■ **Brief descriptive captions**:
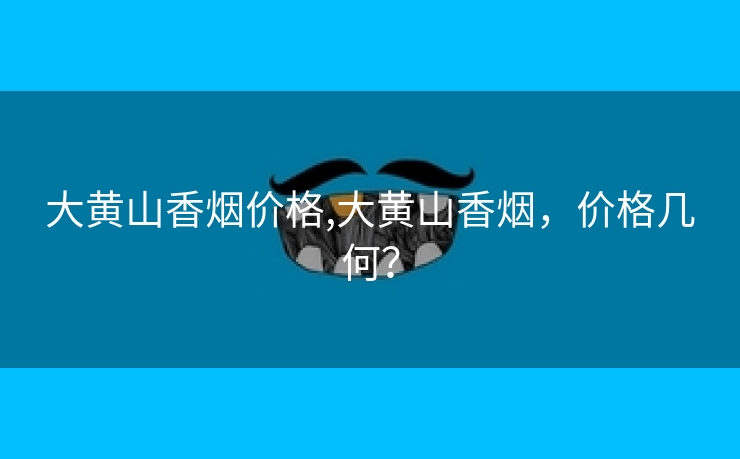 大黄山香烟价格,大黄山香烟，价格几何？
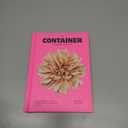The Container Gardening Handbook: A Beginners Guide to Growing Flowers in Pots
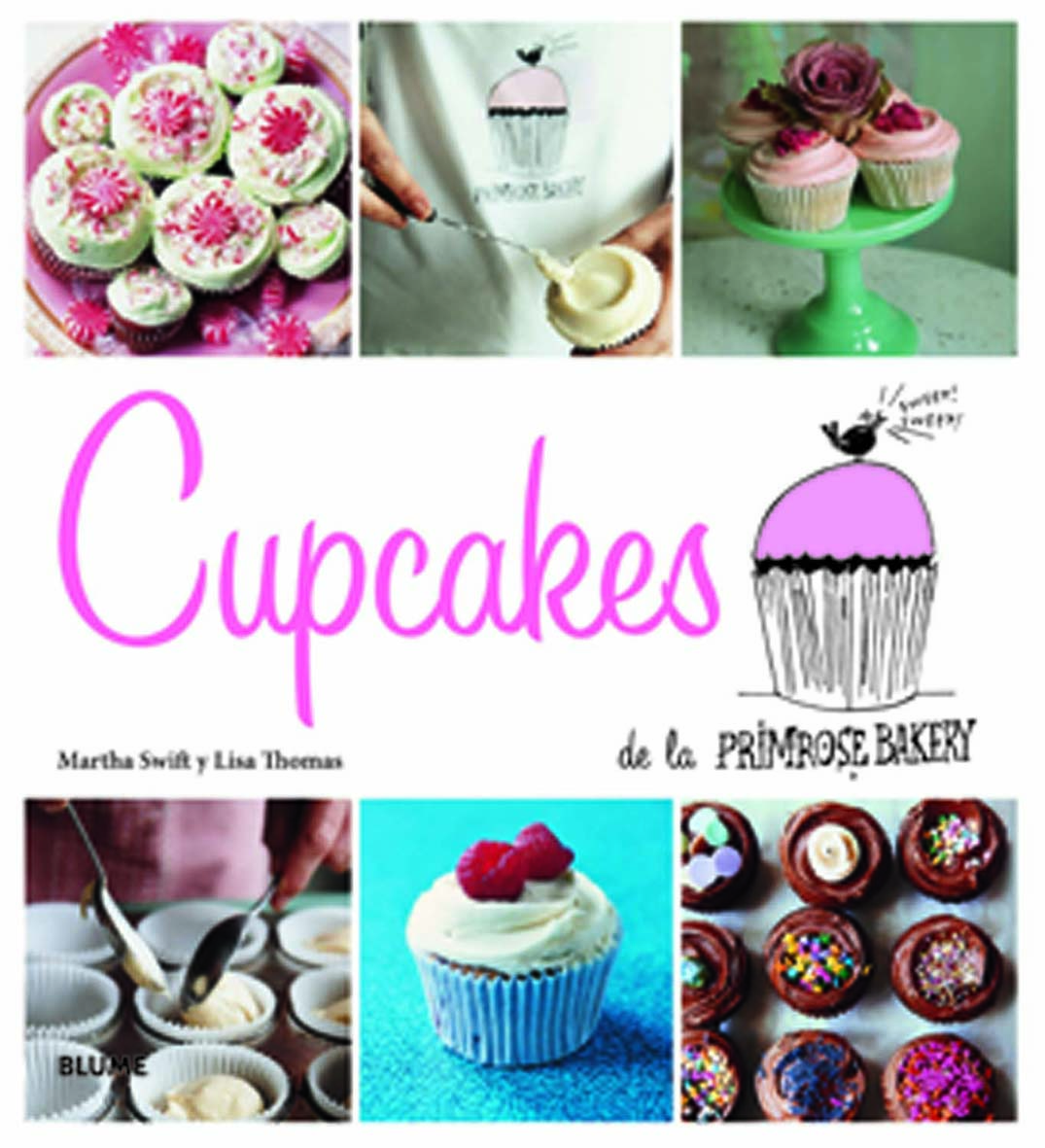 Cupcakes De La Primrose Bakery Martha Swift Blume Tapa Blanda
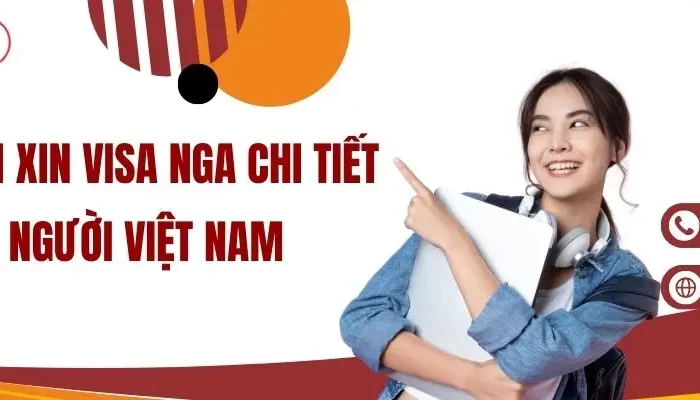 Visa Nga Có Khó Không? Thủ Tục Và Lưu Ý Quan Trọng Cần Biết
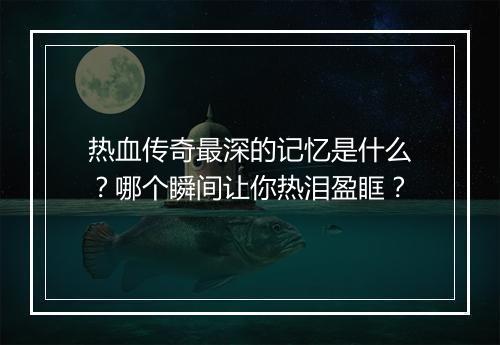 热血传奇最深的记忆是什么？哪个瞬间让你热泪盈眶？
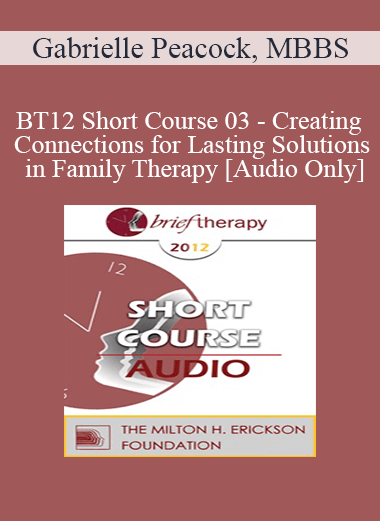 [Audio] BT12 Short Course 03 - Creating Connections for Lasting Solutions in Family Therapy - Gabrielle Peacock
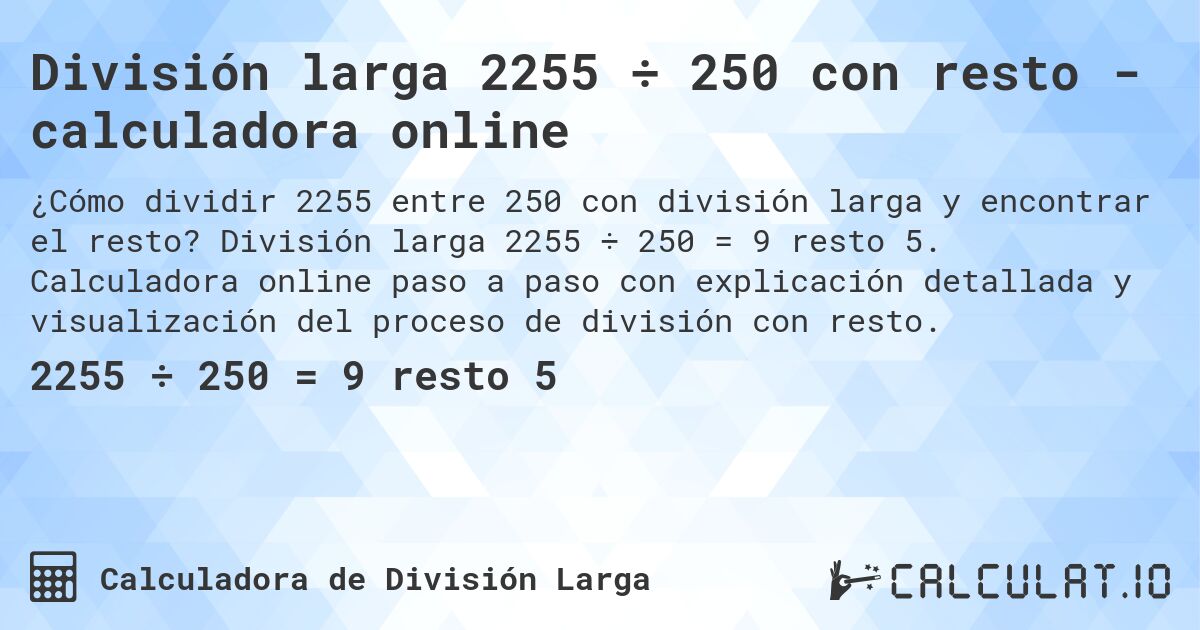 División larga 2255 ÷ 250 con resto - calculadora online. División larga 2255 ÷ 250 = 9 resto 5. Calculadora online paso a paso con explicación detallada y visualización del proceso de división con resto.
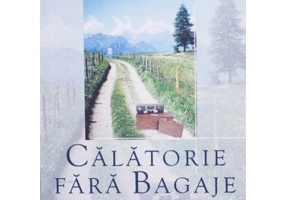 Calatorie fara bagaje - Max Lucado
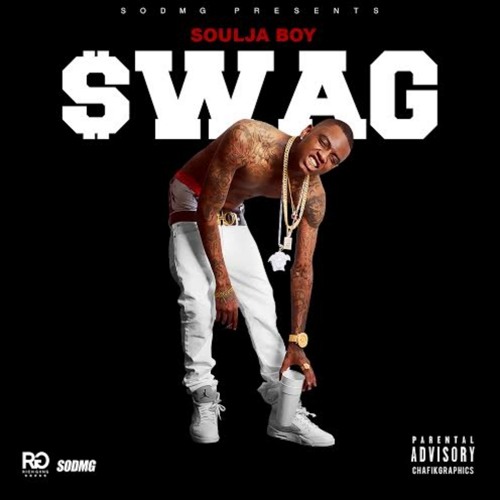 Soulja Boy – Swag 6 [Album] 1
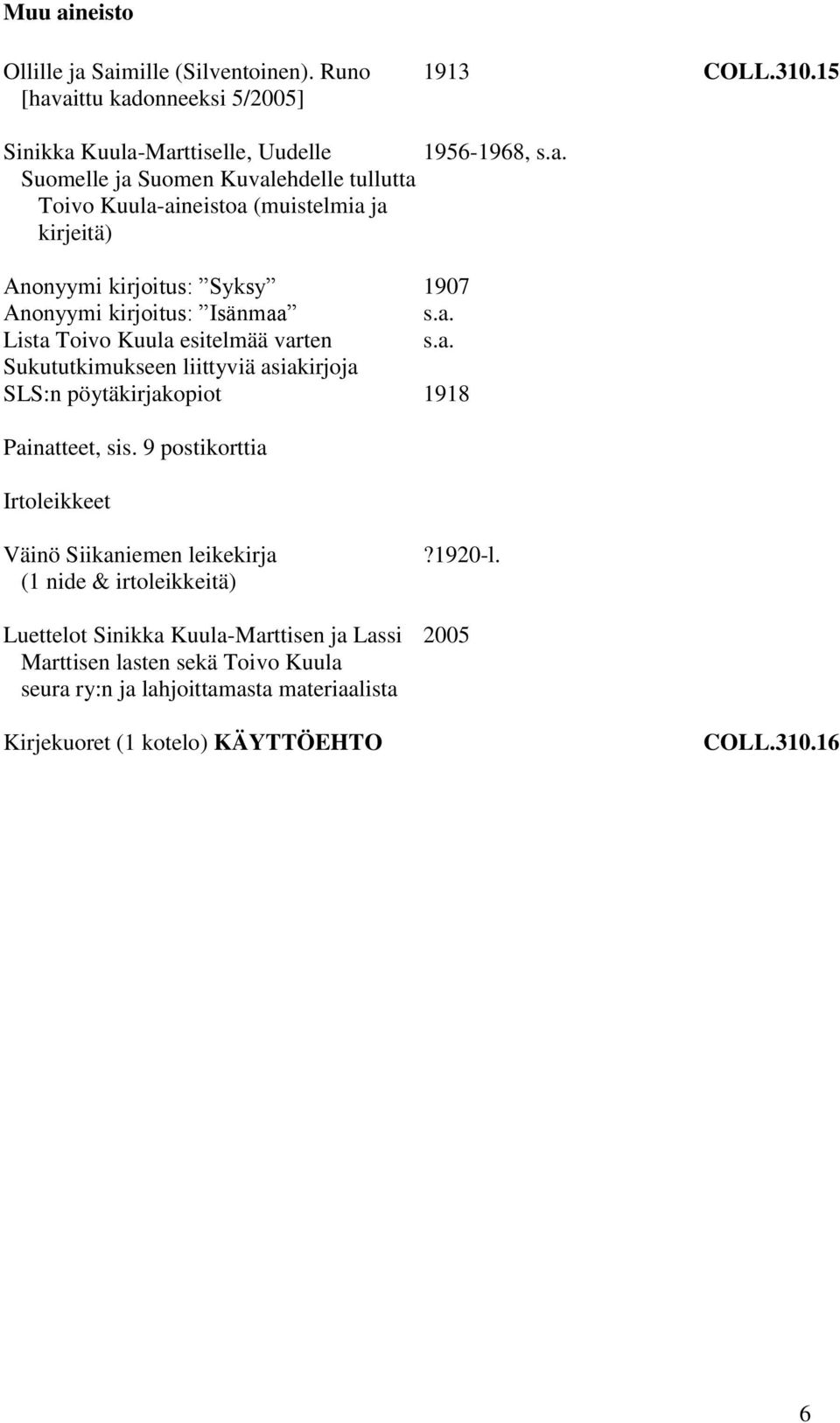 9 postikorttia Irtoleikkeet Väinö Siikaniemen leikekirja (1 nide & irtoleikkeitä)?1920-l.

■ **WHAT THE TASK REQUIRES**:
Reproduce all the entries that precede this task, word for word, minus any pictures.

■ **RESULT OF THE EXERCISE**:
 大黄山香烟价格,大黄山香烟，价格几何？
The Container Gardening Handbook: A Beginners Guide to Growing Flowers in Pots
 Cupcakes De La Primrose Bakery Martha Swift Blume Tapa Blanda
 Visa Nga Có Khó Không? Thủ Tục Và Lưu Ý Quan Trọng Cần Biết
 热血传奇最深的记忆是什么？哪个瞬间让你热泪盈眶？
 [Audio] BT12 Short Course 03 - Creating Connections for Lasting Solutions in Family Therapy - Gabrielle Peacock
 División larga 2255 ÷ 250 con resto - calculadora online. División larga 2255 ÷ 250 = 9 resto 5. Calculadora online paso a paso con explicación detallada y visualización del proceso de división con resto.
 Calatorie fara bagaje - Max Lucado
 Soulja Boy – Swag 6 [Album] 1
 9 postikorttia Irtoleikkeet Väinö Siikaniemen leikekirja (1 nide & irtoleikkeitä)?1920-l.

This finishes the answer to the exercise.